When compiling C code with gcc
, there are compiler optimizations, some that limit code size and others create fast code.
From the -S
flag, I see that the -O2/03
generates more assembly than the -Os
code. How is more assembly still faster than less assembly?
6
On a modern processor, there are usually several ways to achieve the result specified in a higher level language (such as C). These solutions can have different trade-offs between code size and speed due to several factors.
- Not all assembly instructions take the same amount of time to execute. For example, it is possible that a particular result can be achieved with 2 instructions that take 10 clock-cycles each to execute, or with 6 instructions that take 3 clock-cycles each. The difference here can be because those two long instructions duplicate some of the work that the compiler avoided by using the 6 short instructions.
- On a modern processor, it makes a huge difference in execution speed if the next instruction is already present in the cache or if it has to come from main memory. This effect is most visible with branching instructions, because they make it harder to tell what the next instruction will be. Often, compilers will try to offset these effects by unrolling (part of) a loop into a repeated block of instructions to reduce the costs of branching/jumping.
Well, most of the time the complier generates more instructions so that fewer of them are executed in a given run. Usually by generating specific code for different cases:
- Loop unrolling.
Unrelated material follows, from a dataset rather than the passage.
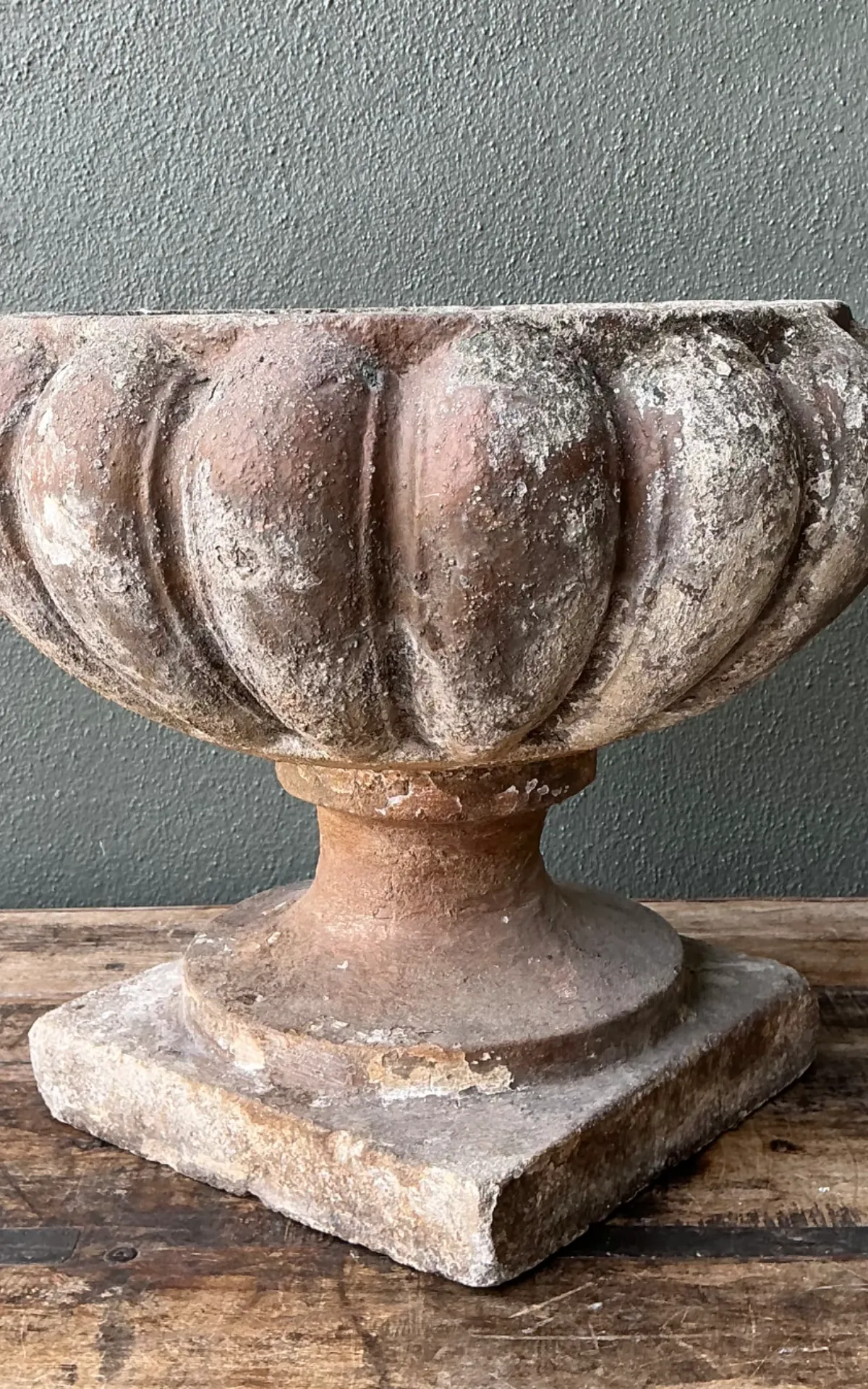 Vintage Fluted Cement Garden Urn — additional photo 6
The jump is only done in every n (usually 8) iterations.
- Function inlining. It saves the call, return, copying arguments and stack manipulation.
The other thing is that some instructions take more time than other. Especially conditions that are difficult to predict can be significantly slower. However both calls and loops are common and the predictor handles them well.
The other thing is memory cache, but here things are not so clear cut. The caches work better when the code is read linearly (functions are inlined), but it also has limited size, so larger portion of small code will be cached.